Bentley founded Quango Music Group in 1995 with partners Bruno Guez and George Ghiz. As an extension of Quango being a lifestyle brand, Bentley and his label partners began a club series, Bossanova, staging popular club nights in Los Angeles. Bossanova hosted a range of guest artists during its run including Daft Punk, Massive Attack, James Lavelle, The Orb, Gilles Peterson, Thievery Corporation, and many others. Bentley departed Quango amicably in 1998 when he was recruited by Maverick Records to be in a high profile A&R role.

At Maverick, Bentley worked on Madonna's campaigns, as well as with label artists The Prodigy, Paul Oakenfold, Meshell Ndegeocello, and was nominated for a Grammy award as producer/music supervisor for the soundtrack for The Matrix. He was the music supervisor for the next two Matrix films, The Matrix Reloaded and The Matrix Revolutions. He continued working as a music supervisor in television, video games, and for Disney’s Tron: Legacy (2010) with a score by Daft Punk, as well as consulting on the 2013 film Oblivion with music by M83, and Top Gun Maverick in 2022.

Bentley joined The Recording Academy serving on the Board of Governors, various awards committees, and the Grammy telecast committee for several years. He helped to author the first proposal to adopt an album category for dance music, a genre which had previously only been a "singles" category. He advocated for more inclusion for artists from dance music on the annual telecast.
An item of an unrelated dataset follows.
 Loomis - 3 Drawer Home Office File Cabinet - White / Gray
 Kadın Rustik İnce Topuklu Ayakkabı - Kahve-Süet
In 2008 he was the DJ at the 80th Governors Ball Oscars after party, making history by being the first DJ to do so. He performed there again in 2009. Bentley was the music director of NPR affiliate KCRW in Santa Monica for about a decade (2009–2019), hosting their daily music variety show Morning Becomes Eclectic during that time. Embracing a broader palette of music in his position there, he contributed to the advancement of the careers of countless indie rock and alternative artists through regular airplay, live performance sessions, and event programming with local arts and culture institutions including the Hollywood Bowl, The Hammer Museum, and the Annenberg Foundation. He continues to support dance culture through fundraising events for public radio like the station's annual Halloween Masquerade Ball and Chinatown Summer Nights. On Morning Becomes Eclectic, he presented performance sessions and interviews with today's biggest artists including Adele, John Legend, Elton John, Jack White, Hans Zimmer, Vampire Weekend, and Beck among many others. From 2014 to 2019 Bentley hosted the YouTube / AXS TV exclusive livestream coverage of the Coachella festival. He hosts and produces Metropolis every Saturday night on KCRW.